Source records
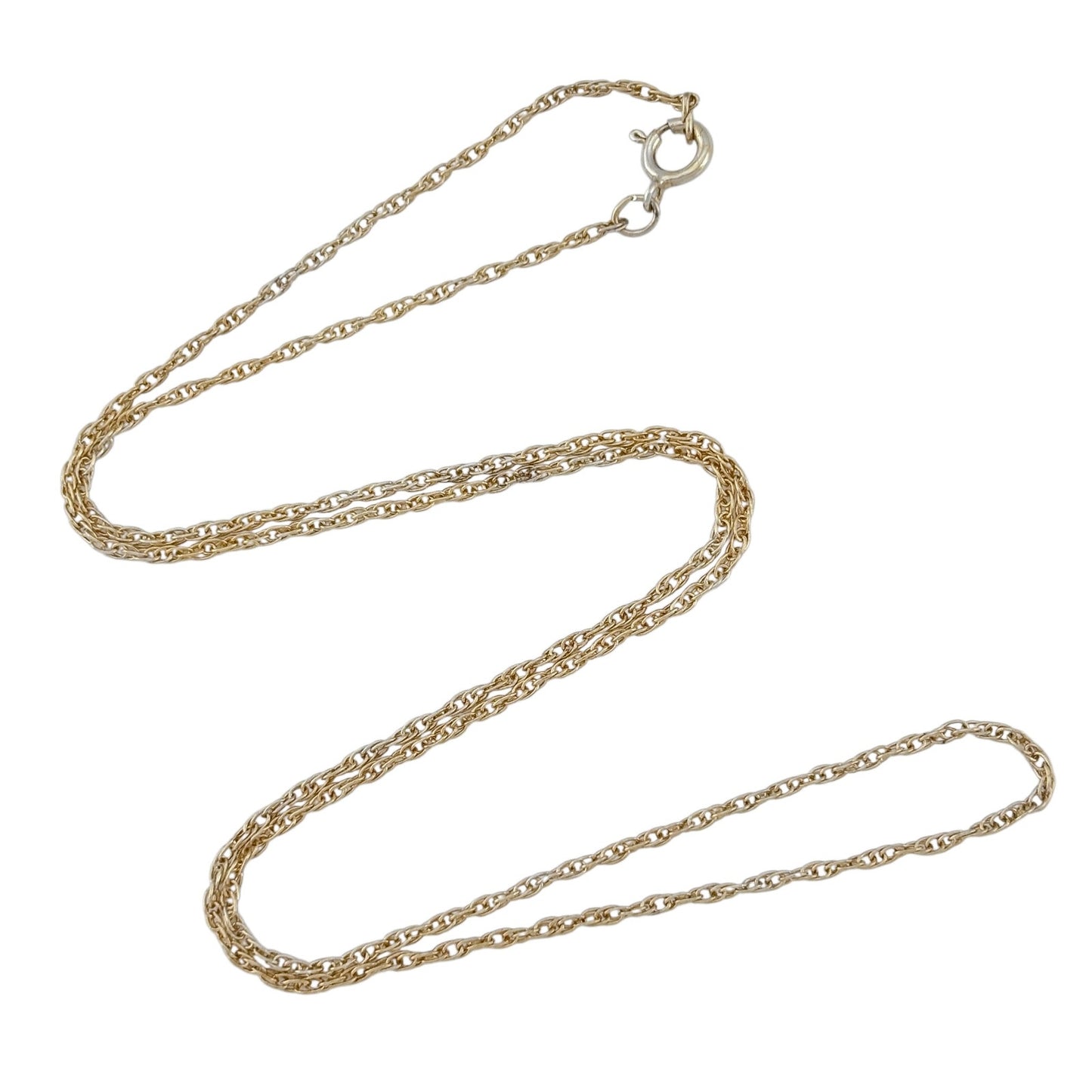 Vintage Gold-Tone Sterling Silver 925 Singapore Chain Necklace 18"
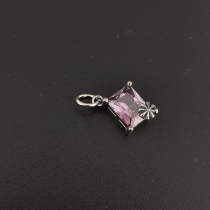 Small Treasure s925 Pure Silver Unique Retro Pink Zircon Flowers Pendant Women Only Pendant Necklace Item Pendant Light Extravaganza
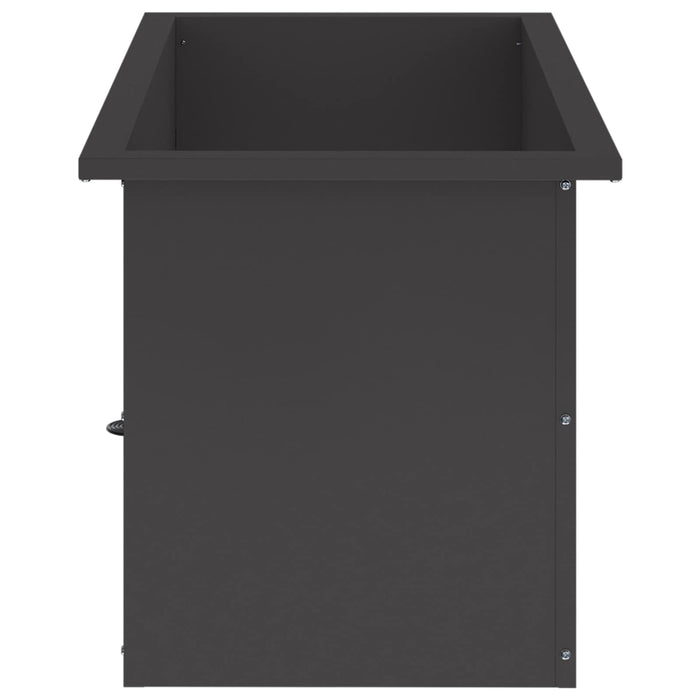 Jardinieră de grădină cu LED 2 buc. Negru 40 x 80 x 40 cm Oțel WALTI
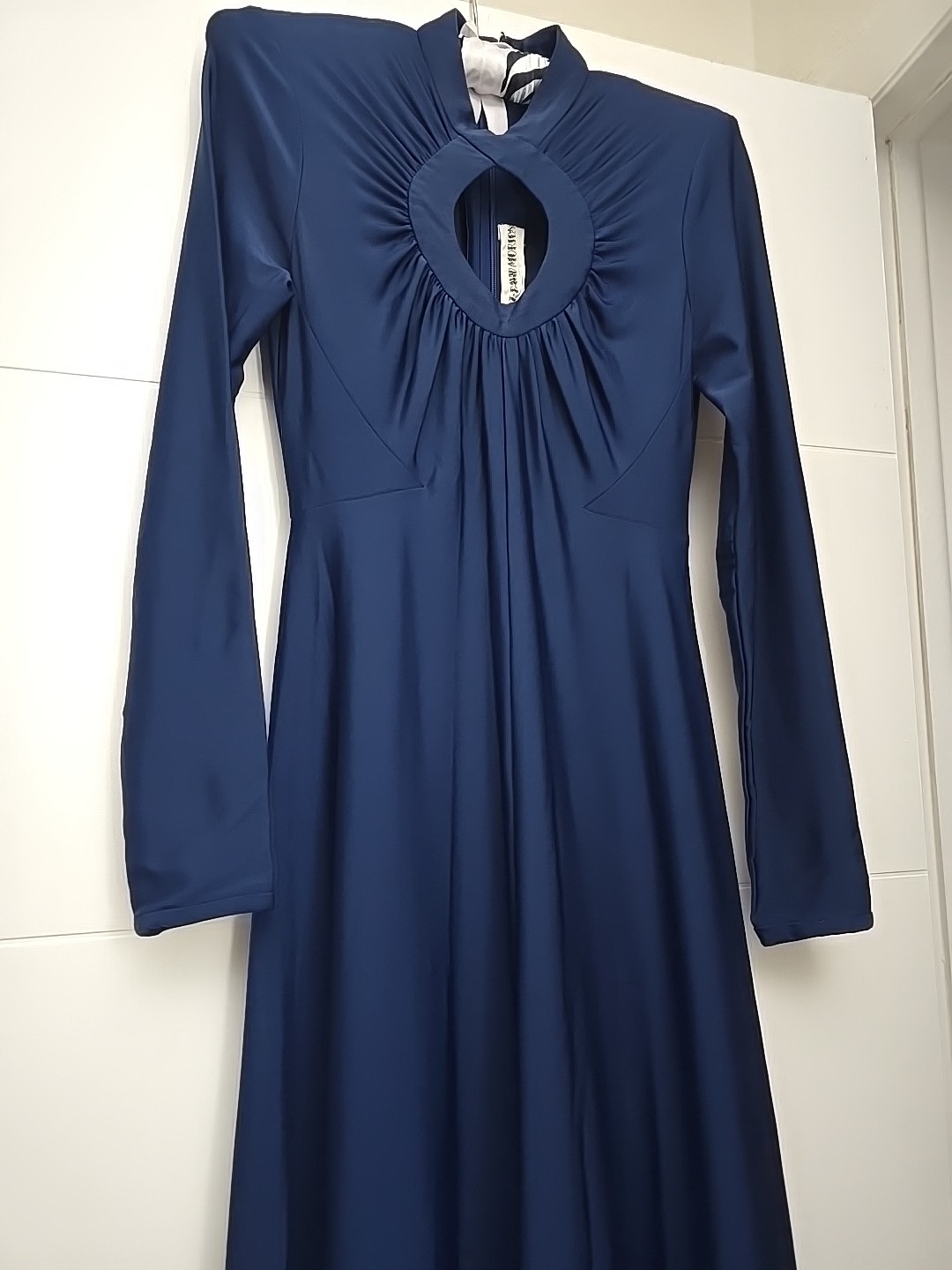 Vintage Robert-David Morton Navy Blue Jersey Gown | Keyhole Neck Maxi Dress 70s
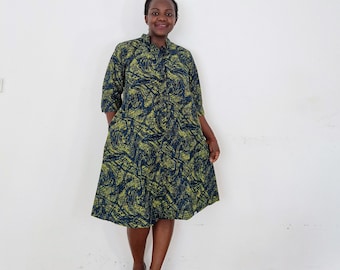 Green dress, shirt dress, dress with pockets, Africa dress, African print dress, Africa dress for woman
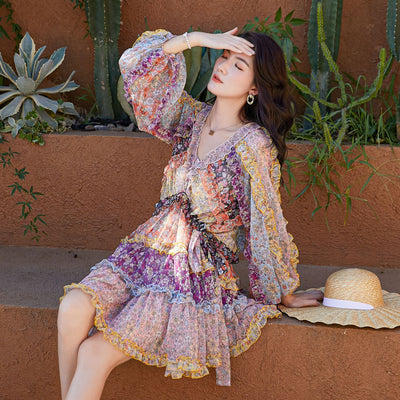 Vestido Largo Floral con Cintura Ajustada y Mangas Farol - Image 6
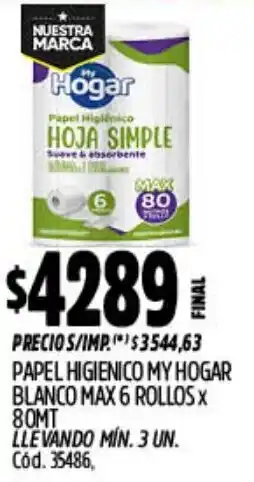 Supermercados Yaguar My hogar papel higienico blanco max oferta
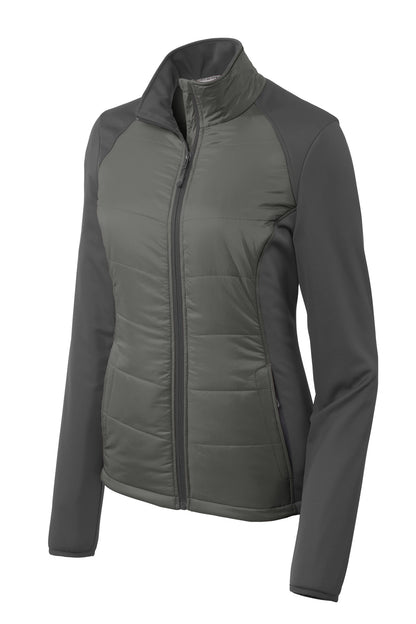 Front View of Smoke Gy/Gy St Port Authority Women's Hybrid Soft Shell Jacket. L787
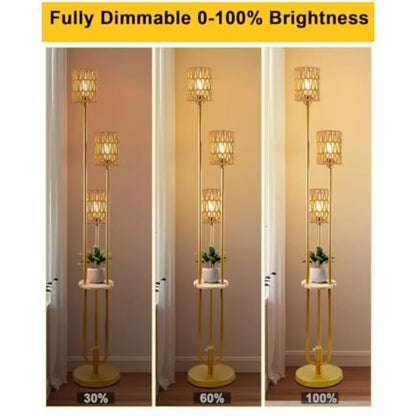 Dimmable Boho Floor Lamps with Table 3-Lights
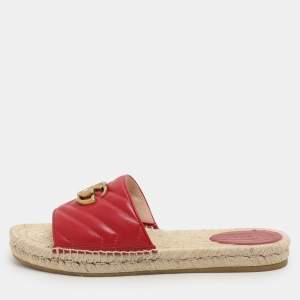 Gucci Red Matelasse Leather GG Marmont Espadrille Flat Slides Size 39 
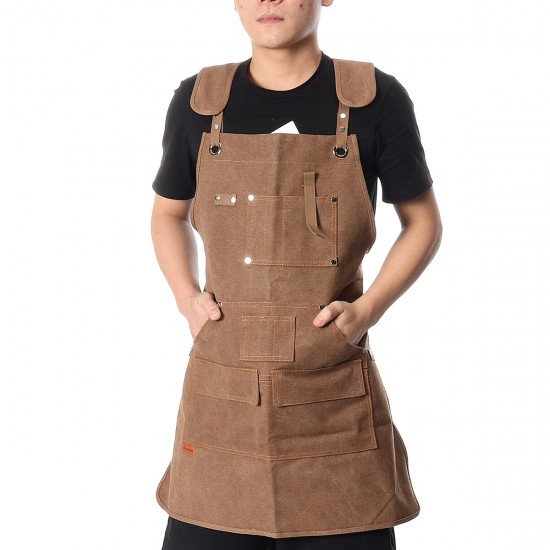 Canvas Woodworking Apron Shop Apron Pockets Waxed Wax Cloth Waterproof Apron Chef Tool Storage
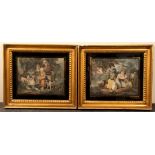 After Francesco Bartolozzi (Italian 1727-1815)/The Seasons/four stipple engravings framed as one,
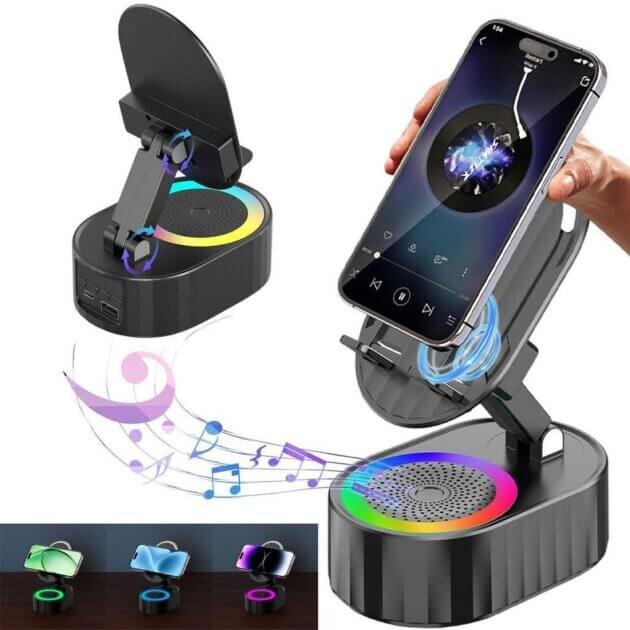 مكبر صوت بلوتوث مع حامل هاتف-Wireless Induction Speaker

**Problem description:** A word-for-word copy of the records is needed, with no pictures carried over.

**Task response:**
 Vintage Gold-Tone Sterling Silver 925 Singapore Chain Necklace 18"
 Small Treasure s925 Pure Silver Unique Retro Pink Zircon Flowers Pendant Women Only Pendant Necklace Item Pendant Light Extravaganza
 Jardinieră de grădină cu LED 2 buc. Negru 40 x 80 x 40 cm Oțel WALTI
 Vintage Robert-David Morton Navy Blue Jersey Gown | Keyhole Neck Maxi Dress 70s
 Green dress, shirt dress, dress with pockets, Africa dress, African print dress, Africa dress for woman
 Vestido Largo Floral con Cintura Ajustada y Mangas Farol - Image 6
 Supermercados Yaguar My hogar papel higienico blanco max oferta
 Front View of Smoke Gy/Gy St Port Authority Women's Hybrid Soft Shell Jacket. L787
 Dimmable Boho Floor Lamps with Table 3-Lights
 Gucci Red Matelasse Leather GG Marmont Espadrille Flat Slides Size 39 
 Canvas Woodworking Apron Shop Apron Pockets Waxed Wax Cloth Waterproof Apron Chef Tool Storage
 After Francesco Bartolozzi (Italian 1727-1815)/The Seasons/four stipple engravings framed as one,
 مكبر صوت بلوتوث مع حامل هاتف-Wireless Induction Speaker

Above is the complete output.